## ABOUT THIS EXERCISE
What you hand back must match the records word for word, with no pictures.

# # # # # # #

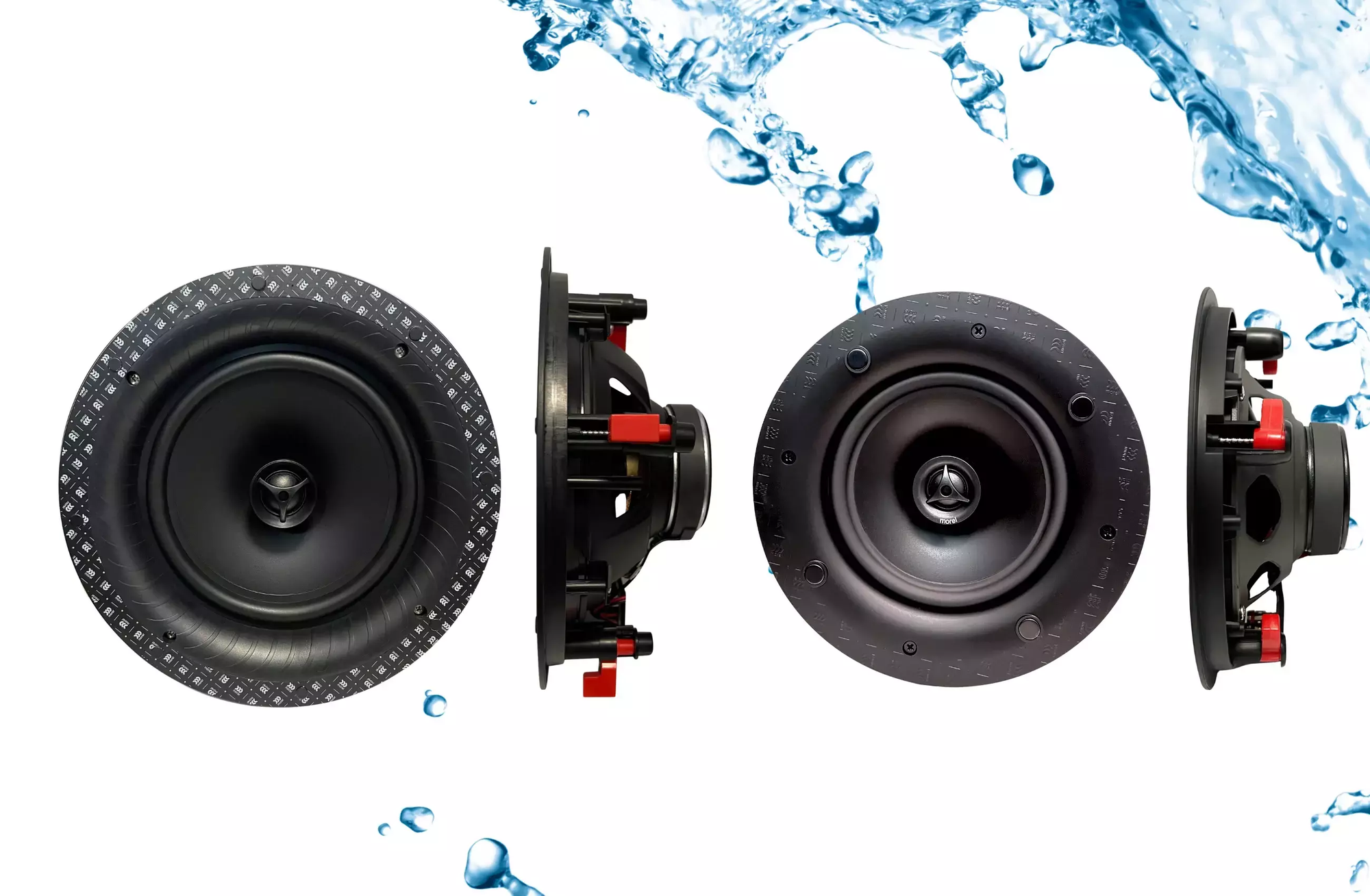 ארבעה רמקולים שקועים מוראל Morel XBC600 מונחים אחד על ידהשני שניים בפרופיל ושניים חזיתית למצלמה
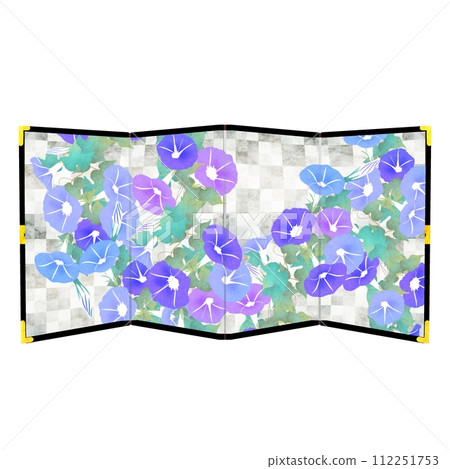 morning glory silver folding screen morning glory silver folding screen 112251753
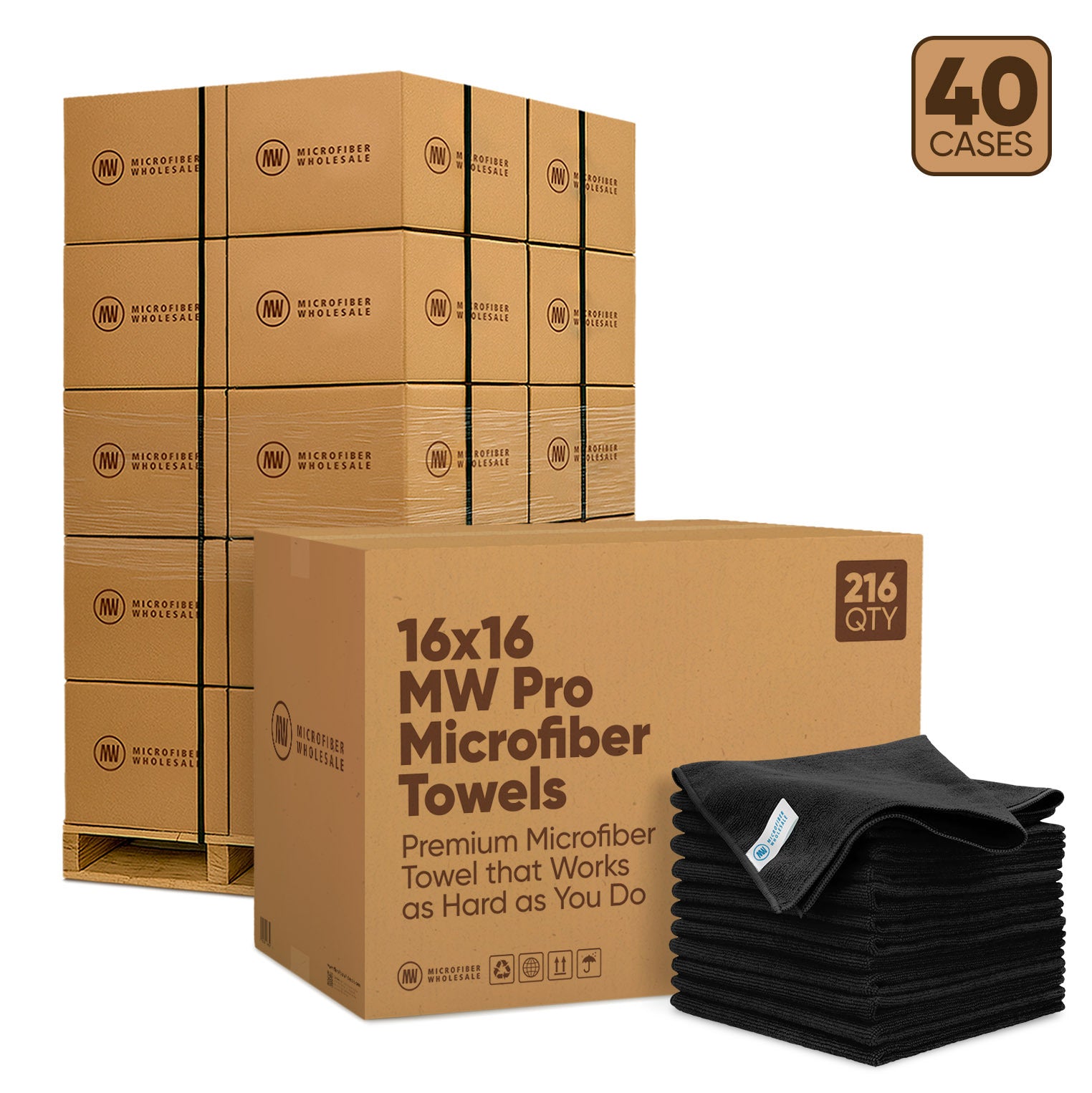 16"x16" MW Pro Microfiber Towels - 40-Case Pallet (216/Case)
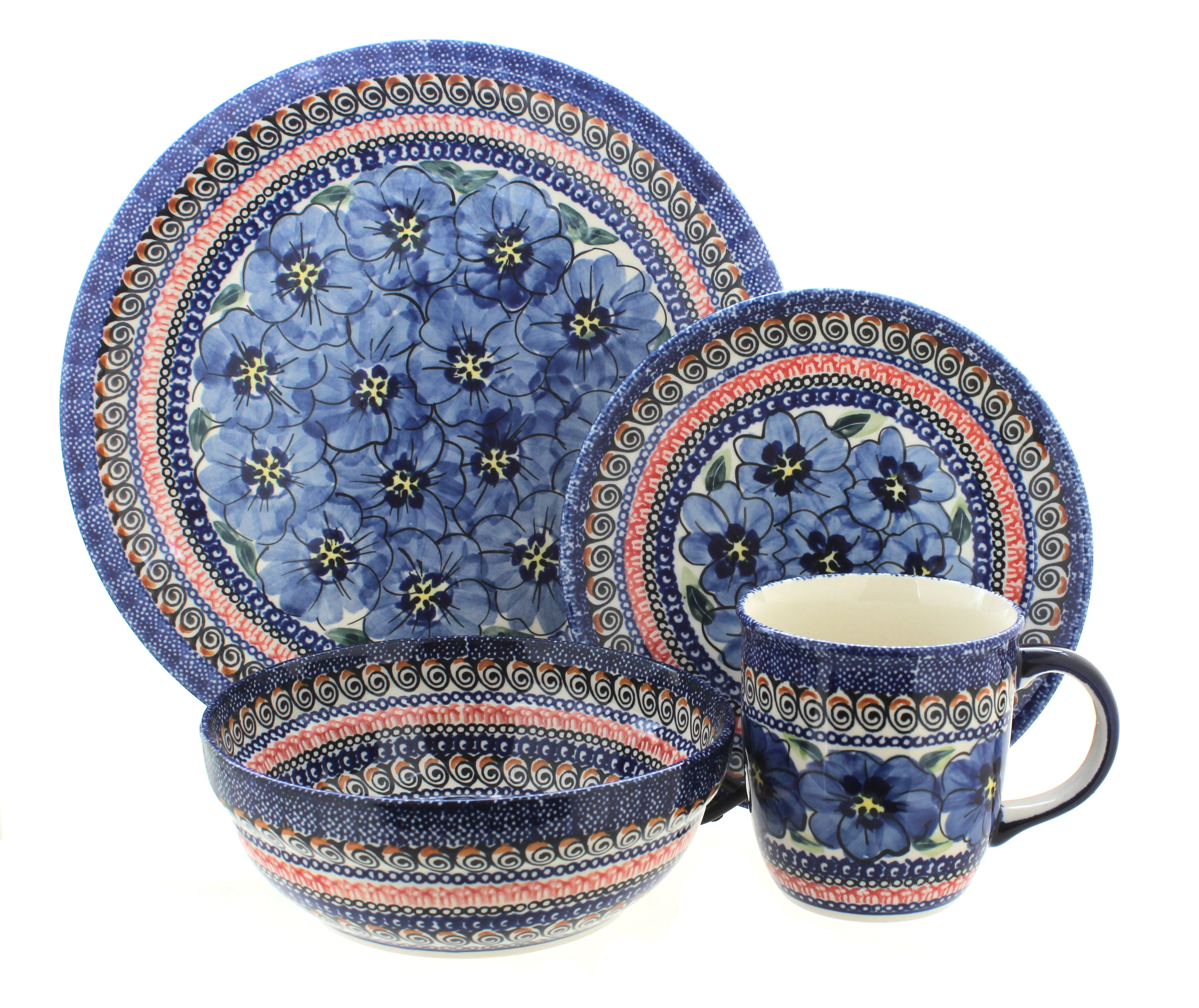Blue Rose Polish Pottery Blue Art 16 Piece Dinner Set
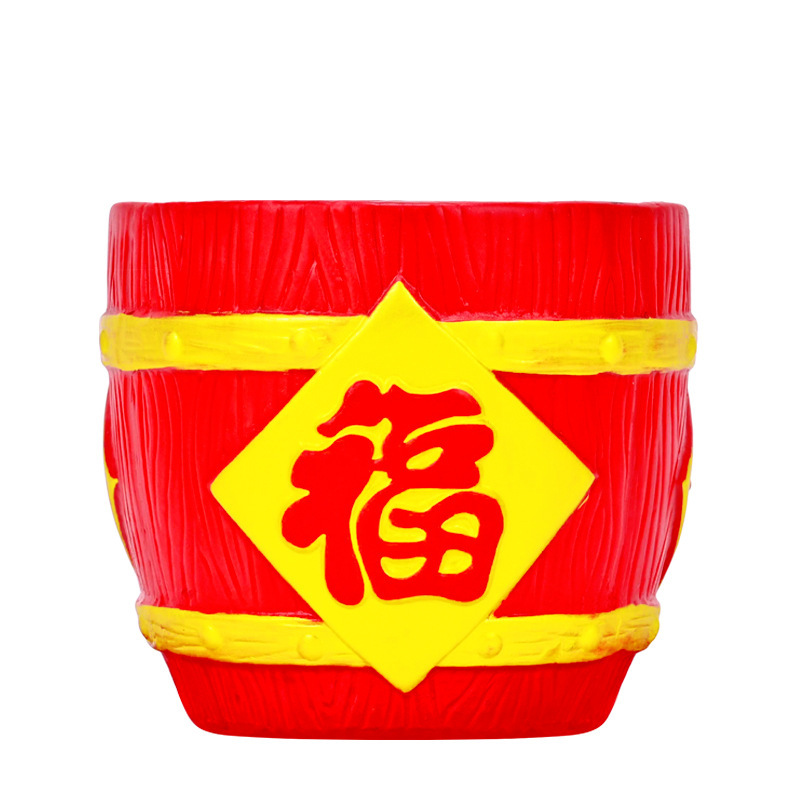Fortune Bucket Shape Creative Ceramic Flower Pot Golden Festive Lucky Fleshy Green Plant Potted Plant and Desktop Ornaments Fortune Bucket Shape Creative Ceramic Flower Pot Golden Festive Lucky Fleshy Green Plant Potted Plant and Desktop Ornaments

# # # # # # #

## ANSWER FOR THIS EXERCISE
 ארבעה רמקולים שקועים מוראל Morel XBC600 מונחים אחד על ידהשני שניים בפרופיל ושניים חזיתית למצלמה
 morning glory silver folding screen morning glory silver folding screen 112251753
 16"x16" MW Pro Microfiber Towels - 40-Case Pallet (216/Case)
Blue Rose Polish Pottery Blue Art 16 Piece Dinner Set
Fortune Bucket Shape Creative Ceramic Flower Pot Golden Festive Lucky Fleshy Green Plant Potted Plant and Desktop Ornaments Fortune Bucket Shape Creative Ceramic Flower Pot Golden Festive Lucky Fleshy Green Plant Potted Plant and Desktop Ornaments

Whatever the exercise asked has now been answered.